## PROVIDED DATA
⟨
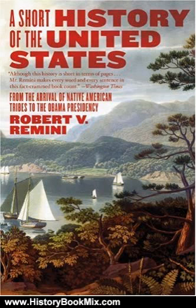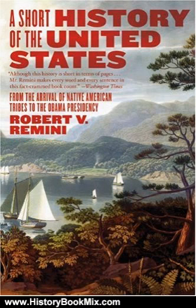Robert V. Remini's A Short History of the United States is an abbreviated, accessible, lively, and erudite narrative history that contains the essential facts about the discovery, settlement, growth, and development of the American nation and its institutions.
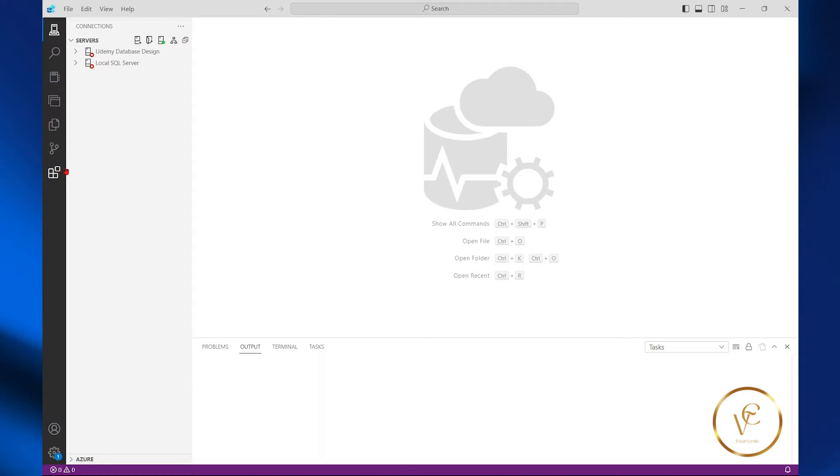In this video, I will be sharing with you how you can connect to an Oracle database using Azure Data Studio.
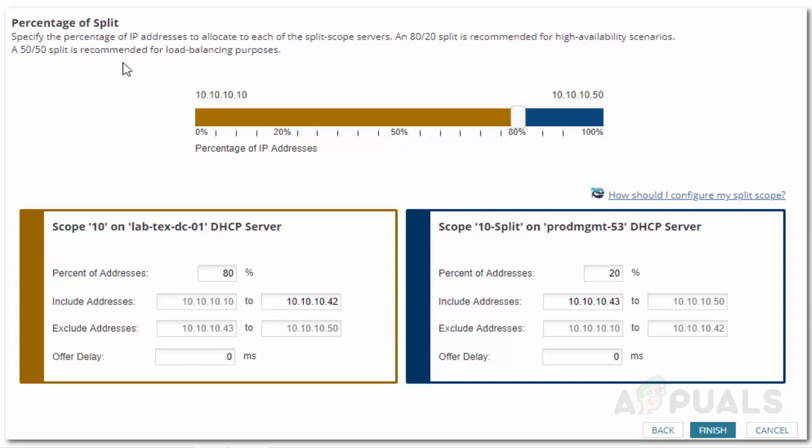You can also set the offer delay in MS for the secondary scope and after that, just click on finish.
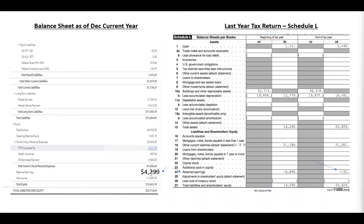Your current year balance sheet on your books retained earnings number should match your last year tax return retained earnings number. These two numbers should match. In this case they're not matching — I am overriding it just for this example, so don't focus on the actual numbers. Just know that these two numbers are not matching, so we need to make an adjustment.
⟩
## DIRECTIONS FOR THIS TASK
In the listing above, find the line containing "In this video, I" and the line containing "You can also". Print those two lines and every line between them exactly, with no pictures.

## RESULT BELOW
In this video, I will be sharing with you how you can connect to an Oracle database using Azure Data Studio.
You can also set the offer delay in MS for the secondary scope and after that, just click on finish.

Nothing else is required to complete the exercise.